* [Information shown]:
******************************

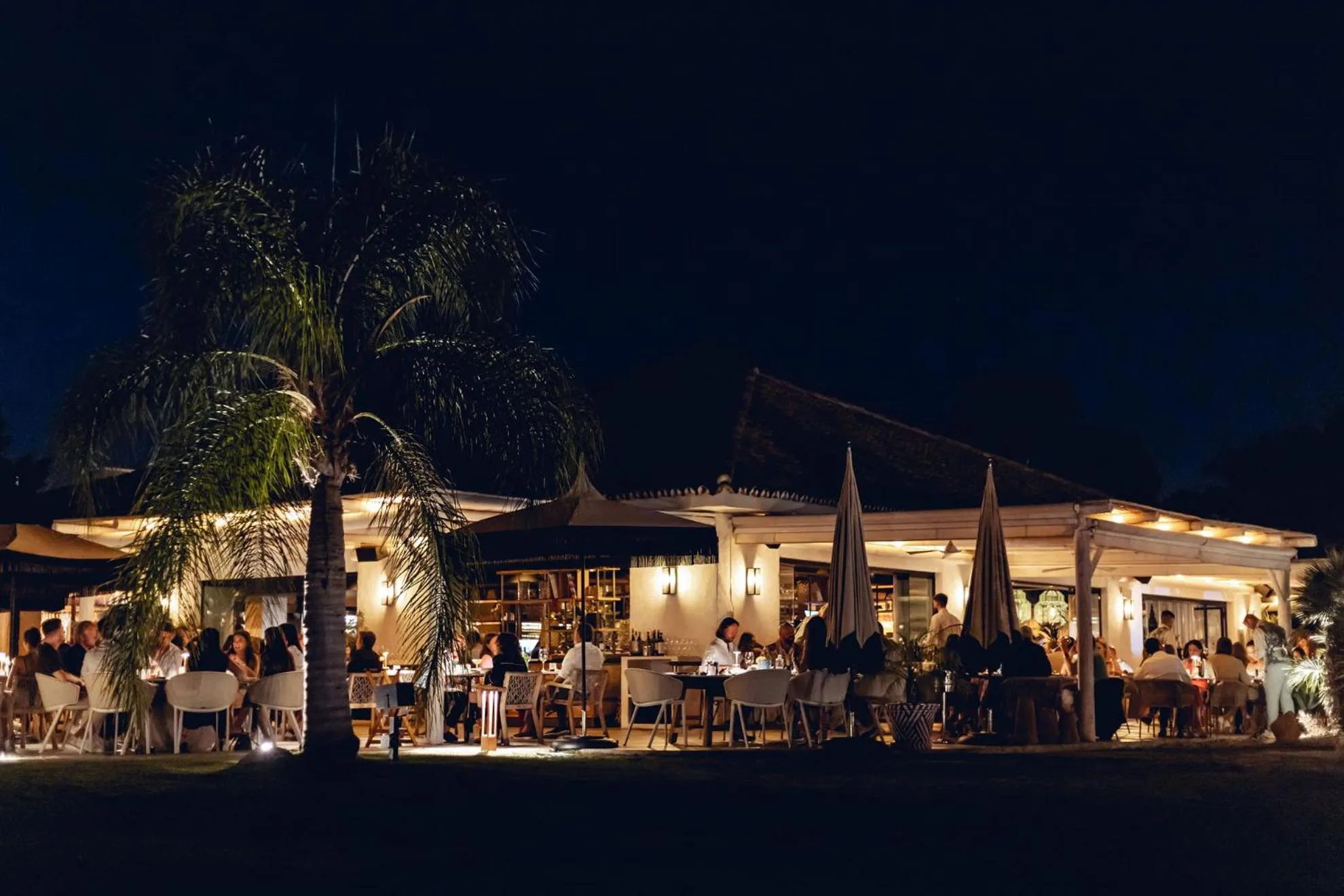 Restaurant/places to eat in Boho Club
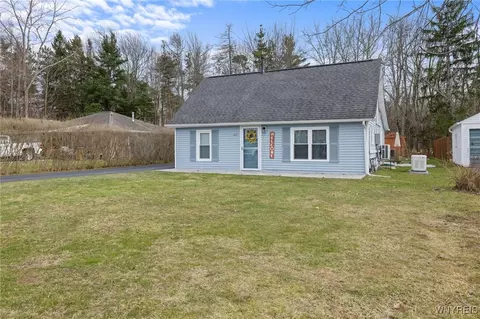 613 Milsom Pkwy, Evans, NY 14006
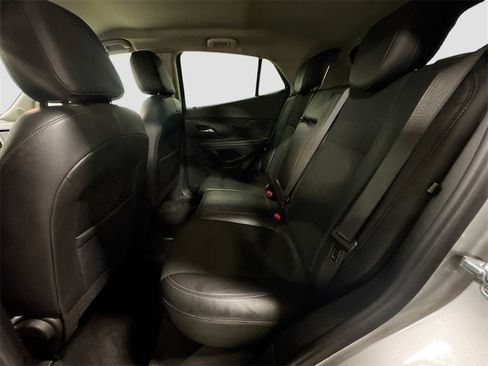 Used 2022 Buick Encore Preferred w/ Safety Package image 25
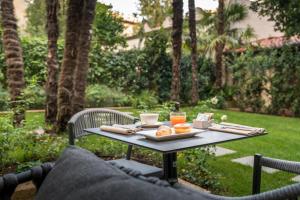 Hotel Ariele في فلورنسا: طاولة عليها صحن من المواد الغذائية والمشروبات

******************************

* [Task to complete]: Please copy exactly the lines from the one that contains "613 Milsom Pkwy, Evans, NY 14006" through the last line of the listing above, leaving out the pictures.

* [Result of the task]:
 613 Milsom Pkwy, Evans, NY 14006
 Used 2022 Buick Encore Preferred w/ Safety Package image 25
 Hotel Ariele في فلورنسا: طاولة عليها صحن من المواد الغذائية والمشروبات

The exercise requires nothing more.